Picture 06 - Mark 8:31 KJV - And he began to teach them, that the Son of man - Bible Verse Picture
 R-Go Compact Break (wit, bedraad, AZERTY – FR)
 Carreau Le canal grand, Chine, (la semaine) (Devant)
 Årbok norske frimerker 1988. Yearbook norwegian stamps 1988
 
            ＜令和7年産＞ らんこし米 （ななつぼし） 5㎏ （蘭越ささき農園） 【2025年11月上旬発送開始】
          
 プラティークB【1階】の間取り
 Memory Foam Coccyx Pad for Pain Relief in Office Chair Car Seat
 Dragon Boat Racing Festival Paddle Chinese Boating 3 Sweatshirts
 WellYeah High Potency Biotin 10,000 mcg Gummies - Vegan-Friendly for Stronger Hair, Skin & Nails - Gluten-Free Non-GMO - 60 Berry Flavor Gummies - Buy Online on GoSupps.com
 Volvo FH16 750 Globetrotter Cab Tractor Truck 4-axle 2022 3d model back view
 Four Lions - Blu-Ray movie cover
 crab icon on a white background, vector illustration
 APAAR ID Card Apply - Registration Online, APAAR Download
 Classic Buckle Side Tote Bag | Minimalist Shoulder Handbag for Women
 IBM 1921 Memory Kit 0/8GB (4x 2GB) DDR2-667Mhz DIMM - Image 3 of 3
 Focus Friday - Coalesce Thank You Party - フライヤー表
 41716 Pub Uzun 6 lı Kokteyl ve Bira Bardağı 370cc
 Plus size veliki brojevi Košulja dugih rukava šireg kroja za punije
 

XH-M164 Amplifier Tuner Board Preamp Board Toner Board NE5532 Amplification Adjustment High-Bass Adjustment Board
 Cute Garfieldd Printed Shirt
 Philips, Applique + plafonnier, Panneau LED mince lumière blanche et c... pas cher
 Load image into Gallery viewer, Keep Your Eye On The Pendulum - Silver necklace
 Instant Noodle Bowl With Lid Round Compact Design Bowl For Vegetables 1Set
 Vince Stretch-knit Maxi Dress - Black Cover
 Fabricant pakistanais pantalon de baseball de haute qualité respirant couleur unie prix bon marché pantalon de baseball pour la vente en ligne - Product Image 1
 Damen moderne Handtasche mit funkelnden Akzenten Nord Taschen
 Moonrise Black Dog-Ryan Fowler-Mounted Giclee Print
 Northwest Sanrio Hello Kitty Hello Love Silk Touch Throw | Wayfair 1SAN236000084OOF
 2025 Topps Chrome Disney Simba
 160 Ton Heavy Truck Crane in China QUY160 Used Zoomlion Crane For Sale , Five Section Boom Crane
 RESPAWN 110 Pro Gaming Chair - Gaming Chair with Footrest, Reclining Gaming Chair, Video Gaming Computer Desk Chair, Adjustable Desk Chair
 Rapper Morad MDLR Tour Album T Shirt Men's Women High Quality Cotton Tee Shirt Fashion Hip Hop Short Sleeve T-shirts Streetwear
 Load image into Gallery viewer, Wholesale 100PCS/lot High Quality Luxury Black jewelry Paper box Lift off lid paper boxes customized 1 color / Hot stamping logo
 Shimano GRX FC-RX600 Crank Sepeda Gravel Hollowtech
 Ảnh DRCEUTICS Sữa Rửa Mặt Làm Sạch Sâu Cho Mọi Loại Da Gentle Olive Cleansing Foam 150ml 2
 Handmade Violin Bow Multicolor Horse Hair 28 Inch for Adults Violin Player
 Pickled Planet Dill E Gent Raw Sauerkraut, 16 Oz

WHAT IS NEEDED: Within the material above, transcribe exactly the lines that run from the line holding "5㎏ （蘭越ささき農園） 【2025年11月上旬発送開始】" through the line holding "Four Lions - Blu-Ray movie cover".

TASK SOLUTION:
            ＜令和7年産＞ らんこし米 （ななつぼし） 5㎏ （蘭越ささき農園） 【2025年11月上旬発送開始】
          
 プラティークB【1階】の間取り
 Memory Foam Coccyx Pad for Pain Relief in Office Chair Car Seat
 Dragon Boat Racing Festival Paddle Chinese Boating 3 Sweatshirts
 WellYeah High Potency Biotin 10,000 mcg Gummies - Vegan-Friendly for Stronger Hair, Skin & Nails - Gluten-Free Non-GMO - 60 Berry Flavor Gummies - Buy Online on GoSupps.com
 Volvo FH16 750 Globetrotter Cab Tractor Truck 4-axle 2022 3d model back view
 Four Lions - Blu-Ray movie cover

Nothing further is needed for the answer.